[EXTRACTED MATERIAL Boundary: Start]
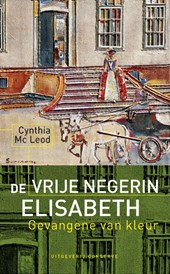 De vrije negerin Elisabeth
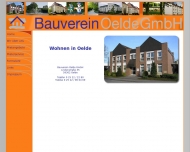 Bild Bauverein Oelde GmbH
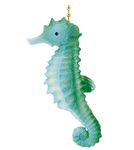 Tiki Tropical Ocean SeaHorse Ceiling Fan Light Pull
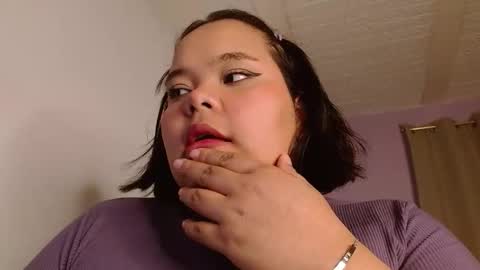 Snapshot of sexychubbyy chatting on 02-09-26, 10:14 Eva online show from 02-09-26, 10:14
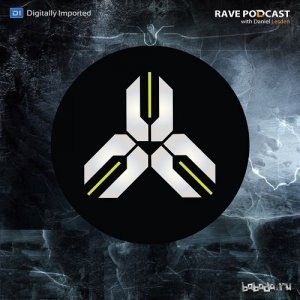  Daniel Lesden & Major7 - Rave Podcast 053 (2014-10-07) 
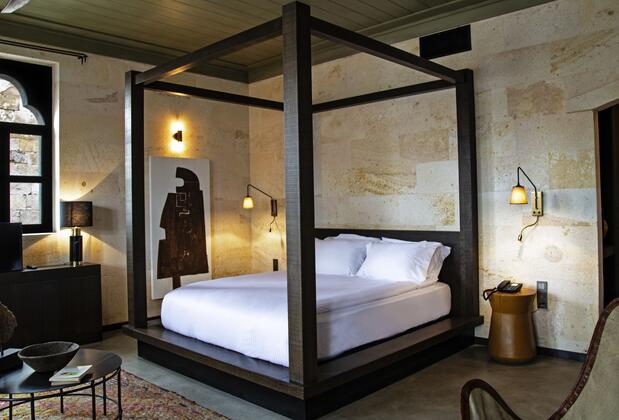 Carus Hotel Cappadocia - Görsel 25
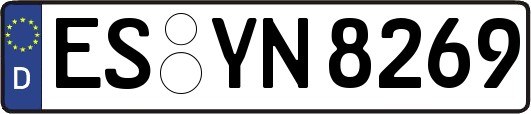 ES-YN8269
[EXTRACTED MATERIAL Boundary: End]
:: ACTION ITEM ::
With the pictures omitted, the entries are to be transcribed in full, exactly as they appear.

:: YOUR RESPONSE ::
 De vrije negerin Elisabeth
 Bild Bauverein Oelde GmbH
 Tiki Tropical Ocean SeaHorse Ceiling Fan Light Pull
 Snapshot of sexychubbyy chatting on 02-09-26, 10:14 Eva online show from 02-09-26, 10:14
  Daniel Lesden & Major7 - Rave Podcast 053 (2014-10-07) 
 Carus Hotel Cappadocia - Görsel 25
 ES-YN8269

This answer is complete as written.